## Work request:
In the records below, the relevant part opens with the line containing "카페홍대쌀국수 불고기 반미" and closes with the line containing "EuroSPAR Krem orzechowy go on sante oferta"; print that part exactly and only, without its pictures.

## Records provided:
=-=-=

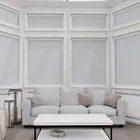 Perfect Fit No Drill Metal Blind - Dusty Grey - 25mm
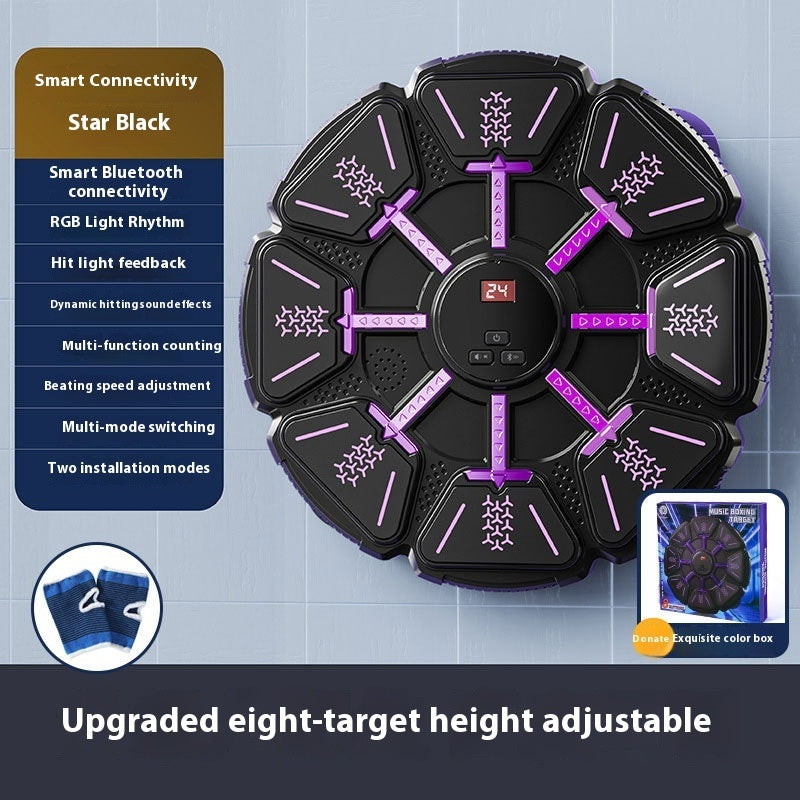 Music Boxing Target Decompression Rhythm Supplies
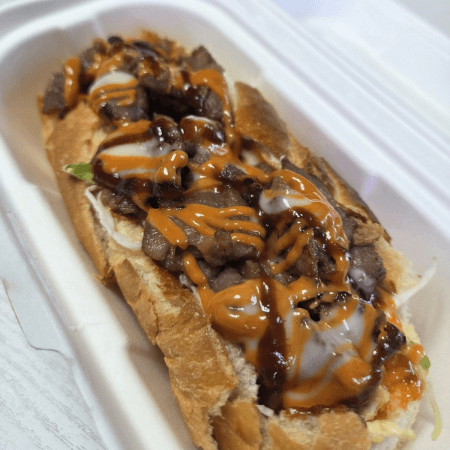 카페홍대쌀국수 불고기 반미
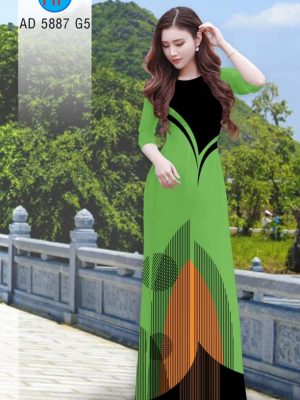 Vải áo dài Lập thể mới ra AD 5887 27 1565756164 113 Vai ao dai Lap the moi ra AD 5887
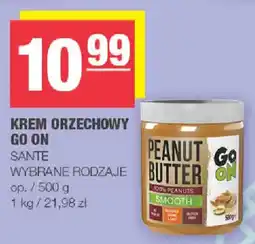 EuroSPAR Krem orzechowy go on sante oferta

=-=-=

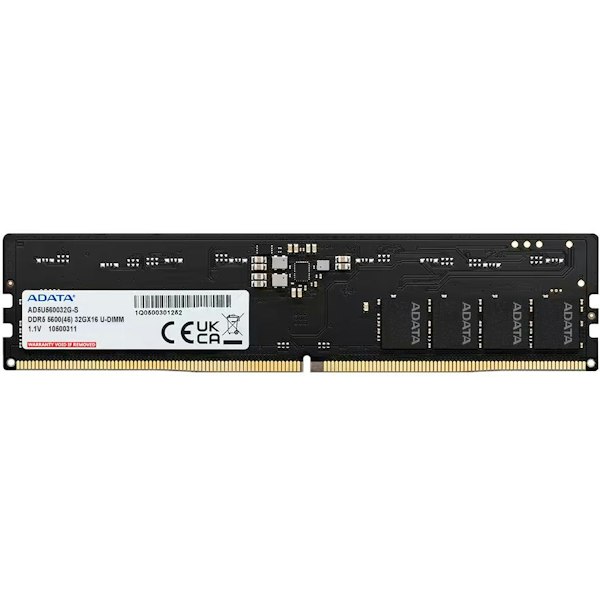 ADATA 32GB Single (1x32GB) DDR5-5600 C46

=-=-=

## Answer area:
 카페홍대쌀국수 불고기 반미
 Vải áo dài Lập thể mới ra AD 5887 27 1565756164 113 Vai ao dai Lap the moi ra AD 5887
 EuroSPAR Krem orzechowy go on sante oferta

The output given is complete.